Would you please repeat, word for word, only the lines from the one holding "rainbow y2k hearts" through the one holding "barna polyrattan kerti" in the material below, without the pictures?

» **EXTRACTED MATERIAL**:
↓↓↓

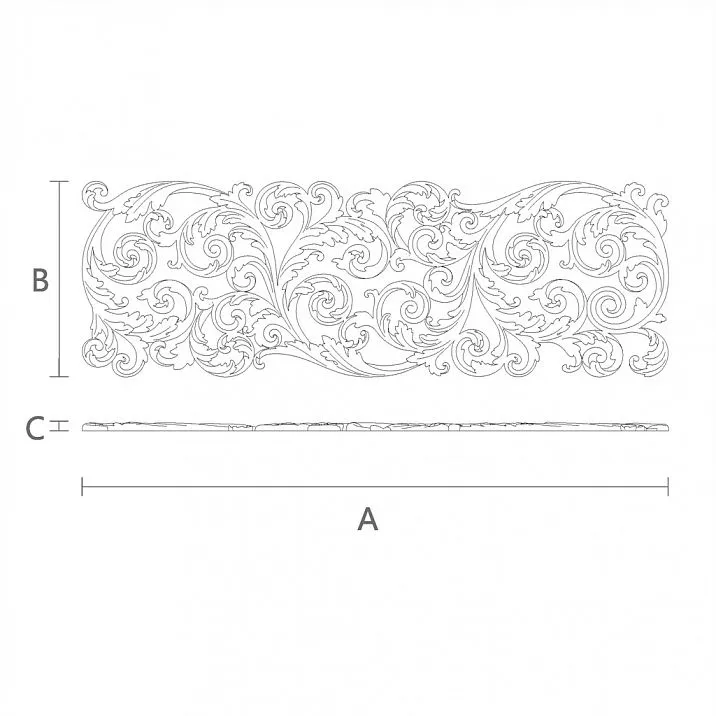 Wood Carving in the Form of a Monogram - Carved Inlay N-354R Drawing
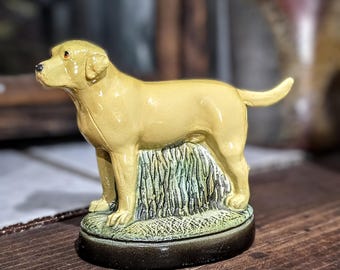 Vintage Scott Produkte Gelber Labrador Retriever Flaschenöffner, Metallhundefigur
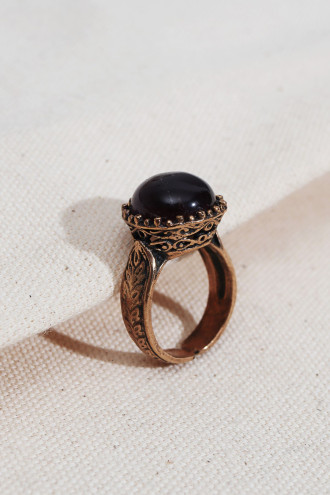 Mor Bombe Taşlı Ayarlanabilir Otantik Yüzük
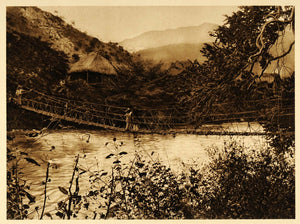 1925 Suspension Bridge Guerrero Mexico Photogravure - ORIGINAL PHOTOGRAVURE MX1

↑↑↑
↓↓↓

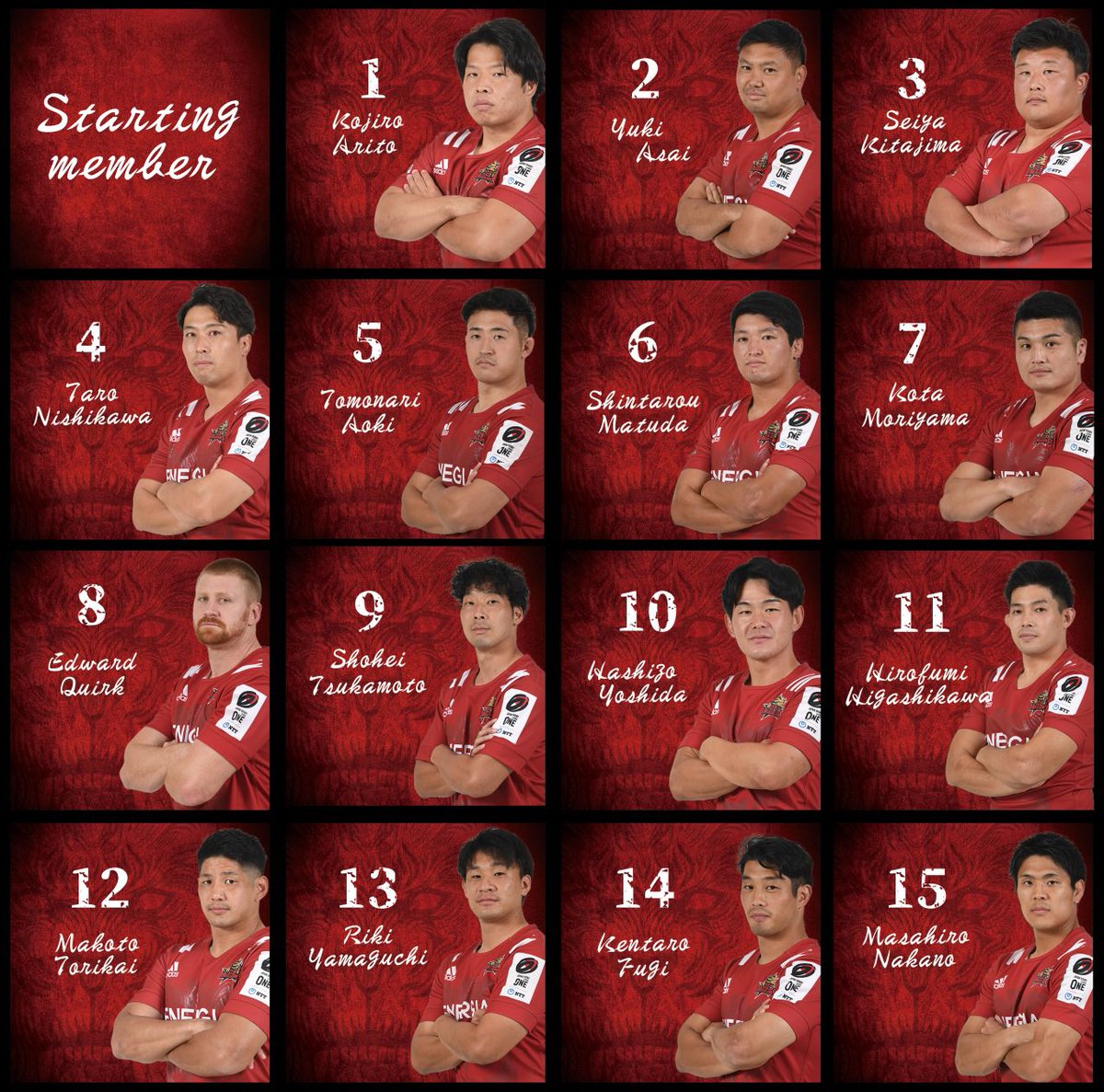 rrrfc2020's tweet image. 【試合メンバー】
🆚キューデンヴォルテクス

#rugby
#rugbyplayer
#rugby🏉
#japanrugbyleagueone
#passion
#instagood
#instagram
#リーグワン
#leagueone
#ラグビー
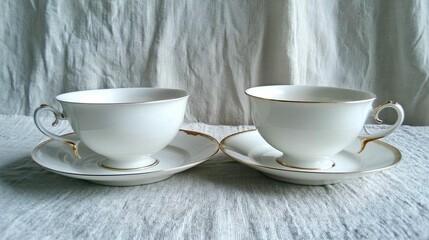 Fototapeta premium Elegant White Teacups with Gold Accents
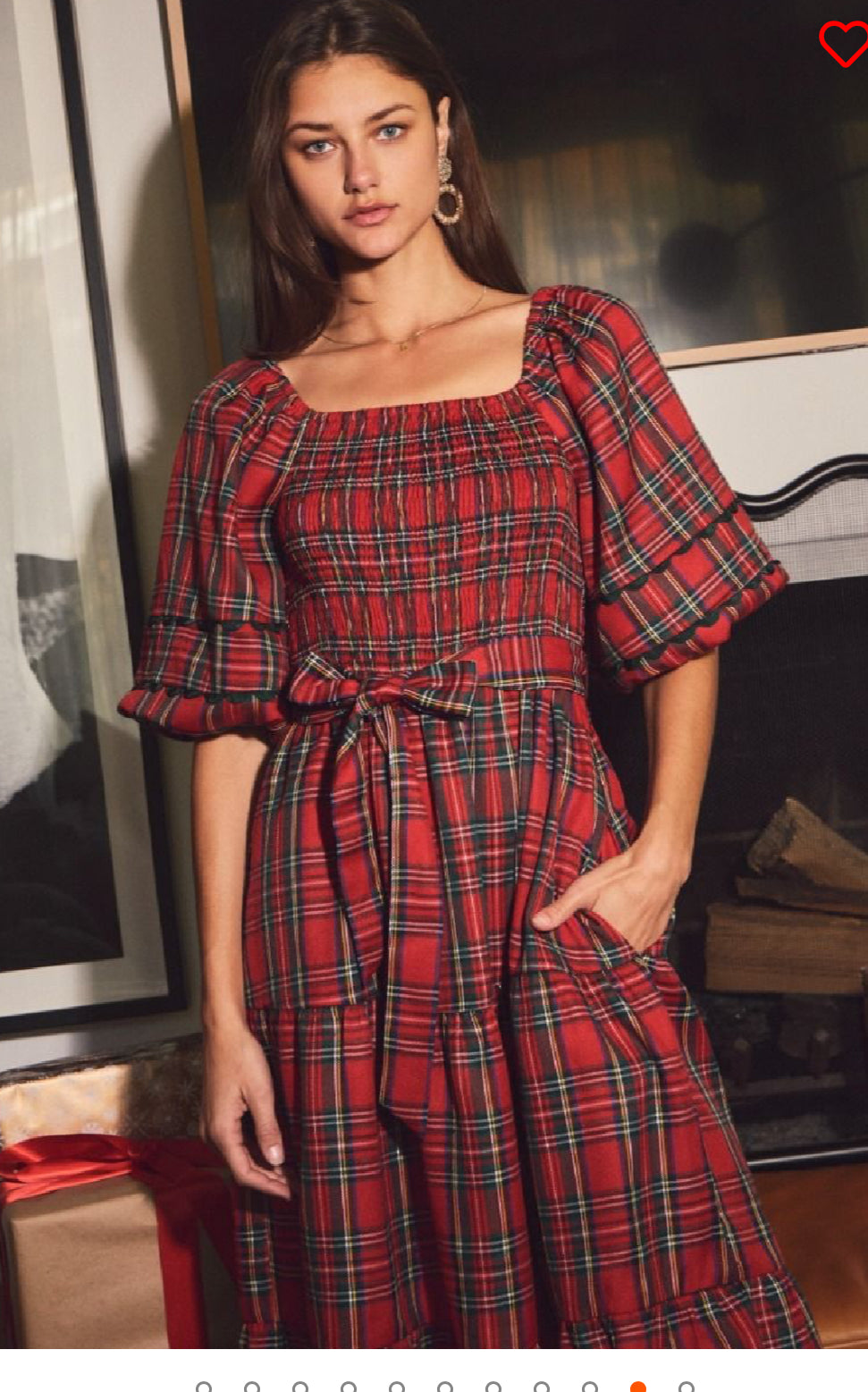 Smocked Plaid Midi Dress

↑↑↑
↓↓↓

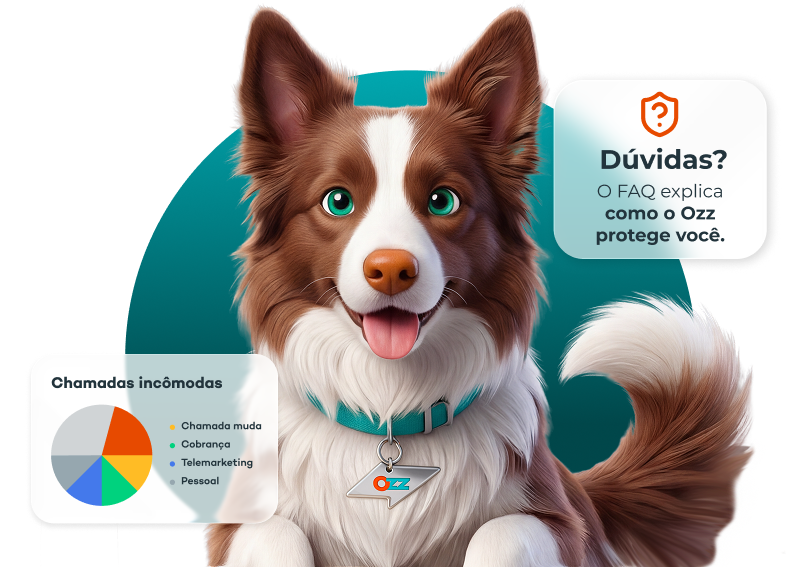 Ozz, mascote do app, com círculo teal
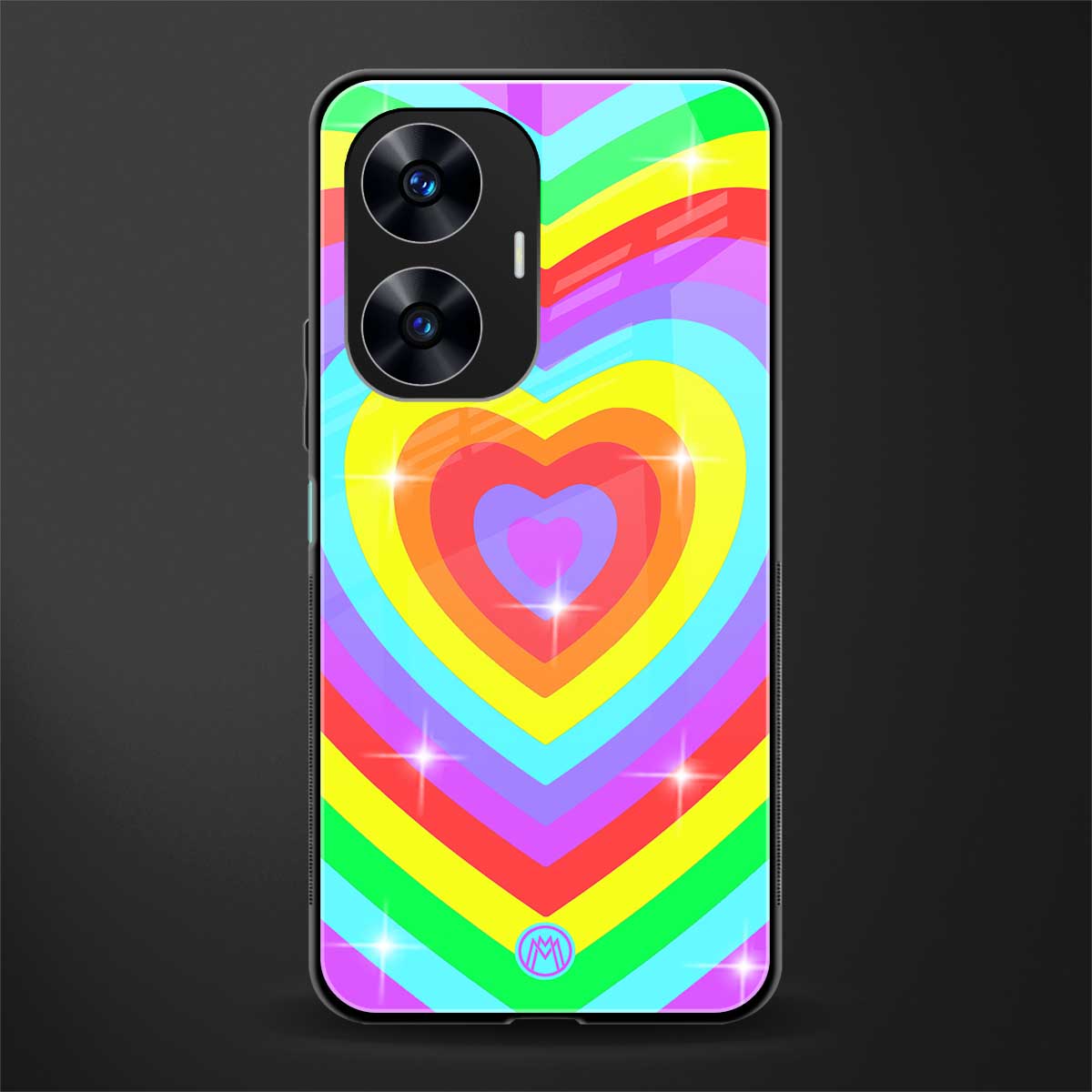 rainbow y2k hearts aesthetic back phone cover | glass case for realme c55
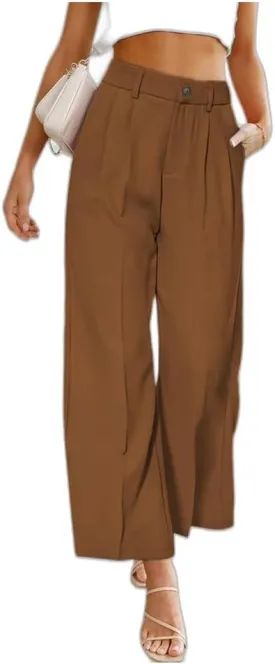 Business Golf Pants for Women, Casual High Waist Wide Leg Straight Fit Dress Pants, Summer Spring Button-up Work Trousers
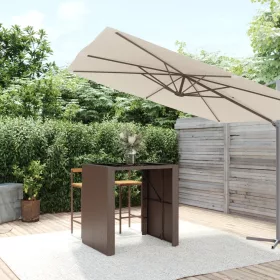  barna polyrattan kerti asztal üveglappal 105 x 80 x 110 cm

↑↑↑

» **RESULT**:
 rainbow y2k hearts aesthetic back phone cover | glass case for realme c55
 Business Golf Pants for Women, Casual High Waist Wide Leg Straight Fit Dress Pants, Summer Spring Button-up Work Trousers
  barna polyrattan kerti asztal üveglappal 105 x 80 x 110 cm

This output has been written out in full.